▼▼▼

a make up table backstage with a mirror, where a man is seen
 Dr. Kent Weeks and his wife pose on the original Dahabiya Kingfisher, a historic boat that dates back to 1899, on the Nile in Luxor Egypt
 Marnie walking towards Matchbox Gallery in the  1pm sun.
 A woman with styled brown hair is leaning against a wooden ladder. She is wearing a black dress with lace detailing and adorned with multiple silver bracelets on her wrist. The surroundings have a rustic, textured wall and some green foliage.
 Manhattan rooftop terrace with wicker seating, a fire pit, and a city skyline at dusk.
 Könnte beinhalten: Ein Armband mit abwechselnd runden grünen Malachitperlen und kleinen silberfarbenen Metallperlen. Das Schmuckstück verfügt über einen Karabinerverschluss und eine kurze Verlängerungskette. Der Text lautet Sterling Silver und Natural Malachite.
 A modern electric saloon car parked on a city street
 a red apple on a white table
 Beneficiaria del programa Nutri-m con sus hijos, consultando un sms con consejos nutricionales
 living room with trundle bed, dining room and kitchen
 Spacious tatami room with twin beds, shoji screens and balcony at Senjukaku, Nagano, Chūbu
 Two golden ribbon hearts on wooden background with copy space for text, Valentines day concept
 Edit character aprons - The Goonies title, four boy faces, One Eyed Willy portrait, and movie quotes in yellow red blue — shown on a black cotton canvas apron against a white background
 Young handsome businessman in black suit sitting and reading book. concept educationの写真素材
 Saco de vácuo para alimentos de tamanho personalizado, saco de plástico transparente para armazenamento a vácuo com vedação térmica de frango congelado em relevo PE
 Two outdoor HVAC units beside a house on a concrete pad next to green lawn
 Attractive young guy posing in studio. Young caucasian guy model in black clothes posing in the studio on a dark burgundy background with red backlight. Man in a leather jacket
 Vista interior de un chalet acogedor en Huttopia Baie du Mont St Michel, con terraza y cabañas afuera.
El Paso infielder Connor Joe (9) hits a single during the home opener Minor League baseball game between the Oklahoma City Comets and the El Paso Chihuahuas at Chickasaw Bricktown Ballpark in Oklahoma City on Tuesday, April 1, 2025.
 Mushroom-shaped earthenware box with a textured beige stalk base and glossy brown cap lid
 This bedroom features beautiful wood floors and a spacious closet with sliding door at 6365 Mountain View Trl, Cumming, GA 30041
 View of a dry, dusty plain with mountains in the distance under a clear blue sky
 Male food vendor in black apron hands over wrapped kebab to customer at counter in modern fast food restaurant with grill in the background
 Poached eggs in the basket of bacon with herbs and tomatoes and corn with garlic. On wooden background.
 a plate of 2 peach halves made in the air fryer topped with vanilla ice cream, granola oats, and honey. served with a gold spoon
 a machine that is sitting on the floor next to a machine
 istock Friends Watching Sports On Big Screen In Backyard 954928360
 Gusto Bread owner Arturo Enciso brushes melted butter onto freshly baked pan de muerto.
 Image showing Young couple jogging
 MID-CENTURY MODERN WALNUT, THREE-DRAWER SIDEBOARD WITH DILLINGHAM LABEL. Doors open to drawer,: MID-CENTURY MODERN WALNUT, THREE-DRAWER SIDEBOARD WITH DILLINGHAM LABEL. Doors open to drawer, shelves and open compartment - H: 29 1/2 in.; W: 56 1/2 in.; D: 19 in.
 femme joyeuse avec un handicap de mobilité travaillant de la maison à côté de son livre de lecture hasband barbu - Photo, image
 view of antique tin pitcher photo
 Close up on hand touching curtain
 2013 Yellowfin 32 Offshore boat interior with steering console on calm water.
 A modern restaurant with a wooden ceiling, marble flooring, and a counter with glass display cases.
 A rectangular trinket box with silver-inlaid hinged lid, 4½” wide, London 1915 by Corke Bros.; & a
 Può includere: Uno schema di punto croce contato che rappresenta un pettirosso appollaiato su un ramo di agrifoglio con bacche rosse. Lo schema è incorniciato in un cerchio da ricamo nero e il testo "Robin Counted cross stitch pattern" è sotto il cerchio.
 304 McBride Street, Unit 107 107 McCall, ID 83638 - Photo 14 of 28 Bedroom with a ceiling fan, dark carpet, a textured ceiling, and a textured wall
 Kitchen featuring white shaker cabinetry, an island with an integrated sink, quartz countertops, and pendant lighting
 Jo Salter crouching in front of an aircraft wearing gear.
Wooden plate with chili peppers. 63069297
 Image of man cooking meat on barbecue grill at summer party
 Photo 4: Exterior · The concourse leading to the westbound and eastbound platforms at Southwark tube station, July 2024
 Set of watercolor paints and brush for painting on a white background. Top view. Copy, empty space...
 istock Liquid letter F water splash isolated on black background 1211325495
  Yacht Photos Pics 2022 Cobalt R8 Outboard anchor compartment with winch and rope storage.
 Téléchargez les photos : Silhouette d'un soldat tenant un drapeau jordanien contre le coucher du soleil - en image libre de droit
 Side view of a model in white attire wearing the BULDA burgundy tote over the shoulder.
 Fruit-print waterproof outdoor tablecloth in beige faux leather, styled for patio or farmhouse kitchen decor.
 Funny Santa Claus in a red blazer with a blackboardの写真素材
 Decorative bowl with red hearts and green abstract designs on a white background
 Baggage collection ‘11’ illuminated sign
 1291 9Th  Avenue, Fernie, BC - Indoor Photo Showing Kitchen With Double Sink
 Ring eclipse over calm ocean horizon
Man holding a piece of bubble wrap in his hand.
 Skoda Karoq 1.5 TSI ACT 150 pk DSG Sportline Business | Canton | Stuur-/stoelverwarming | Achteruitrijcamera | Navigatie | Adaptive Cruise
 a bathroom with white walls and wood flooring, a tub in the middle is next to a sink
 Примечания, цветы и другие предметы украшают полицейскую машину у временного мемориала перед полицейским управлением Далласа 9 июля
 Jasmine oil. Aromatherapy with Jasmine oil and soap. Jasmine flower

▲▲▲

Exercise aim
Could you work out how many lines in the material contain "blue"? Reply with only that number.

Answer section
2